┌──

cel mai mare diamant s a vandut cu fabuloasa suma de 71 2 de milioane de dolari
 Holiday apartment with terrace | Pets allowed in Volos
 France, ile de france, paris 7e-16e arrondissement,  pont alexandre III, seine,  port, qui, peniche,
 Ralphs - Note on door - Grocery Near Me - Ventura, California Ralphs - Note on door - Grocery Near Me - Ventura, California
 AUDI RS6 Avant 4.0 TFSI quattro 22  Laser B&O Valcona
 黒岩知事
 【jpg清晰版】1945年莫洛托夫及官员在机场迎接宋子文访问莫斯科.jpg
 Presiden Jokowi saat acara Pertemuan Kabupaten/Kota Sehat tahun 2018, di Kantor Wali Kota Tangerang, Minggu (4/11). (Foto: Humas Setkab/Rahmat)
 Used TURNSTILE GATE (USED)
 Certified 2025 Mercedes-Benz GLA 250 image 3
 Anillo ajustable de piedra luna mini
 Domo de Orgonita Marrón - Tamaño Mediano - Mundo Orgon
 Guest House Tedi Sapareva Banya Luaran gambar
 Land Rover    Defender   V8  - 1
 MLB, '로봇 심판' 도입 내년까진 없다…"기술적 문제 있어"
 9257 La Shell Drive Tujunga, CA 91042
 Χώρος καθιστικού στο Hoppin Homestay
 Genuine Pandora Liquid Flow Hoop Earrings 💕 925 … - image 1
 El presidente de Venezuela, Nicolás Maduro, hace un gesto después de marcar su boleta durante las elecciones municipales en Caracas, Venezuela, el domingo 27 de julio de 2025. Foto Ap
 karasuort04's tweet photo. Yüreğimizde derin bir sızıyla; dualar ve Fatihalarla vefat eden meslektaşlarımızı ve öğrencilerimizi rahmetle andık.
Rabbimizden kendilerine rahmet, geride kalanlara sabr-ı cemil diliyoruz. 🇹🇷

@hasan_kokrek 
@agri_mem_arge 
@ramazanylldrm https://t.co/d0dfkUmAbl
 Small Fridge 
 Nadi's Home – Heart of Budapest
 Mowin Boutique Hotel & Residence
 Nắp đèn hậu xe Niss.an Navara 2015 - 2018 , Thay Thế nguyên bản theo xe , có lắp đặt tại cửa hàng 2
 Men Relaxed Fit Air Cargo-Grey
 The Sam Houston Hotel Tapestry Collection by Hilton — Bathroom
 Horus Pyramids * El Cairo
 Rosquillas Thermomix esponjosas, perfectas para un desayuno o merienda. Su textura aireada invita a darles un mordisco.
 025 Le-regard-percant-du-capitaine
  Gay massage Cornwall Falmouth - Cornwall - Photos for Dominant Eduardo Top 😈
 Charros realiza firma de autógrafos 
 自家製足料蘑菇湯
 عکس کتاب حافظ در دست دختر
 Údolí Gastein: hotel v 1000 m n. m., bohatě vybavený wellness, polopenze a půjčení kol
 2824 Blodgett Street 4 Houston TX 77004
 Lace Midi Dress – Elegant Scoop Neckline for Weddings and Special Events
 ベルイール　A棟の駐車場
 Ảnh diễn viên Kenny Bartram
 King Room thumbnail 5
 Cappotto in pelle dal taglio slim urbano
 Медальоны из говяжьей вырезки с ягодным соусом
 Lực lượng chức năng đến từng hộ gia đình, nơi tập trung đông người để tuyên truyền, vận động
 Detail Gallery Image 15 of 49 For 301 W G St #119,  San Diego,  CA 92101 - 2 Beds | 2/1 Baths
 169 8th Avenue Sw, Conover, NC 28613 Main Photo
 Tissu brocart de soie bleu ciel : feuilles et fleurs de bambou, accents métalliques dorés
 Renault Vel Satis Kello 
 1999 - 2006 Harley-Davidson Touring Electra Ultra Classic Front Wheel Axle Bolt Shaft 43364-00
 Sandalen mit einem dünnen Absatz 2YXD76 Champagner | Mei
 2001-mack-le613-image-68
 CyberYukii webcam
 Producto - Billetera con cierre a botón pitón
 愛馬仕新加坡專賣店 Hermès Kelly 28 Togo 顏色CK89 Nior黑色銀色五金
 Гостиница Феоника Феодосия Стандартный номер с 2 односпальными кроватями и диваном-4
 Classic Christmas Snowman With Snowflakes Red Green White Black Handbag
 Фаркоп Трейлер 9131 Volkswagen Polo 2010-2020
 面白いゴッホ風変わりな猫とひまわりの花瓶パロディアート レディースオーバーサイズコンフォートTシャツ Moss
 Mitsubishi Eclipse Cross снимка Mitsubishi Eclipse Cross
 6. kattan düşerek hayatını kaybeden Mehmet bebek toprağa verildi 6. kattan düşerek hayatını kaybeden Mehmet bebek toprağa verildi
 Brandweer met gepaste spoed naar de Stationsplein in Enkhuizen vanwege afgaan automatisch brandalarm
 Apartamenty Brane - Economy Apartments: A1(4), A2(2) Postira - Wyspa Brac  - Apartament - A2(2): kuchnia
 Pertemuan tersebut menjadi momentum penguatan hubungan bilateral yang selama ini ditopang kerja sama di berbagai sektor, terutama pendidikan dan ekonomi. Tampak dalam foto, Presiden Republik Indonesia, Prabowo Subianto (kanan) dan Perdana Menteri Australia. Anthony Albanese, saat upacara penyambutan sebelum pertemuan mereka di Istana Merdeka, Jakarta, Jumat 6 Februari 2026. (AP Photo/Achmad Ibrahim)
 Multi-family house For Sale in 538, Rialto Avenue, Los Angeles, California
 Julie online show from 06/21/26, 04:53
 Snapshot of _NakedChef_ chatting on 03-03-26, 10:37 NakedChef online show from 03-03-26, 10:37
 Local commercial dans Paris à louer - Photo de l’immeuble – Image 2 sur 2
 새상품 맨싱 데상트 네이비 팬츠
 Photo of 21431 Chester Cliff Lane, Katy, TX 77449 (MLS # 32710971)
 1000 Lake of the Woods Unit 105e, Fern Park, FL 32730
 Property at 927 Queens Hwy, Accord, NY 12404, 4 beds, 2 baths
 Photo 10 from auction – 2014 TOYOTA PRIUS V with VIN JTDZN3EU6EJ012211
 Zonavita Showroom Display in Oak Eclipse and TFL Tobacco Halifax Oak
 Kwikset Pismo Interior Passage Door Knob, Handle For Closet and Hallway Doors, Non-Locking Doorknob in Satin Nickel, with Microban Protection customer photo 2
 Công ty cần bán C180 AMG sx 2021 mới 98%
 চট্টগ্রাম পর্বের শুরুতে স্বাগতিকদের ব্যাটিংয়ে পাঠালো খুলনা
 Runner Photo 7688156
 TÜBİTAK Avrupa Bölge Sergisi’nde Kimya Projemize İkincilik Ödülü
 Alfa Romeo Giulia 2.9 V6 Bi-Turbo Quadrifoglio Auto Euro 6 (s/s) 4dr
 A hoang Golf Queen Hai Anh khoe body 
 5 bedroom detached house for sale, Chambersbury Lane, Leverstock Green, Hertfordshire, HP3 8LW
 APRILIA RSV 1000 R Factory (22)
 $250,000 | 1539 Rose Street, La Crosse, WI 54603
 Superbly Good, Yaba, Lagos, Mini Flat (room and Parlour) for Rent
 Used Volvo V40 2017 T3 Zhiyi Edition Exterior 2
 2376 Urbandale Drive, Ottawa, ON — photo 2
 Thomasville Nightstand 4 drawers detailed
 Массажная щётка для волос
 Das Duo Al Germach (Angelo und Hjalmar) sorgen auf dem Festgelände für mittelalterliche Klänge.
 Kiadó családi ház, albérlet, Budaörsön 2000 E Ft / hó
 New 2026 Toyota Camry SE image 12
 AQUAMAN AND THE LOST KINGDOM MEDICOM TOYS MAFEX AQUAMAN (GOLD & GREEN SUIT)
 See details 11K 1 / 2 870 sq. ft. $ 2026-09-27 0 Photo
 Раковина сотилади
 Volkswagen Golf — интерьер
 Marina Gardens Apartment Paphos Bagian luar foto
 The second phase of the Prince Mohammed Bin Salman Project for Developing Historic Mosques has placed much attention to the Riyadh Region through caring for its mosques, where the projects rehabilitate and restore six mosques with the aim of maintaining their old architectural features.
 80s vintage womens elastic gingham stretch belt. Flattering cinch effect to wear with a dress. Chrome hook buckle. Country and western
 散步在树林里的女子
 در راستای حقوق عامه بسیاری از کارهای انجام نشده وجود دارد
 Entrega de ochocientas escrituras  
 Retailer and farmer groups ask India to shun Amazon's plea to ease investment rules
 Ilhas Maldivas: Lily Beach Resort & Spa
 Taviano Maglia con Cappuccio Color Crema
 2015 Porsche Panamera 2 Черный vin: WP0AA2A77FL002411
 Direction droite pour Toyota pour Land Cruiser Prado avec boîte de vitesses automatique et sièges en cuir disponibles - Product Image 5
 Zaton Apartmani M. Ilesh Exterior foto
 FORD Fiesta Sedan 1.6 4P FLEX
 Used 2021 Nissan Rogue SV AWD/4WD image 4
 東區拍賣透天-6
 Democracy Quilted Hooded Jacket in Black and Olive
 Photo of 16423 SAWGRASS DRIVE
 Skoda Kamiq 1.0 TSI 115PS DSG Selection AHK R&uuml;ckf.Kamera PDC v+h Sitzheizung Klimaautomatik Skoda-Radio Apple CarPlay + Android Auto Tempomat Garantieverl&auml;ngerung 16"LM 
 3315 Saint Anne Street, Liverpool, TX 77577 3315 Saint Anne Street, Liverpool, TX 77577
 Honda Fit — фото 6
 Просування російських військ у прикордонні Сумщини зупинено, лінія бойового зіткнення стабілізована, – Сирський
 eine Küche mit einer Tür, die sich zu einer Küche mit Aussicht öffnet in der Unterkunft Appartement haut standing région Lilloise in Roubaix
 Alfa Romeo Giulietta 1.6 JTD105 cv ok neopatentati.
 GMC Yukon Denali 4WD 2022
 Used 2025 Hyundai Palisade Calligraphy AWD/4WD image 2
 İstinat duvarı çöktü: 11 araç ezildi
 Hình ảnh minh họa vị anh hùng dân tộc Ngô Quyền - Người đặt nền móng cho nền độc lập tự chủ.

└──

▶ The task
Lines containing the word "Lane" must be found in the data above and copied.

▶ Response to this exercise
 Photo of 21431 Chester Cliff Lane, Katy, TX 77449 (MLS # 32710971)
 5 bedroom detached house for sale, Chambersbury Lane, Leverstock Green, Hertfordshire, HP3 8LW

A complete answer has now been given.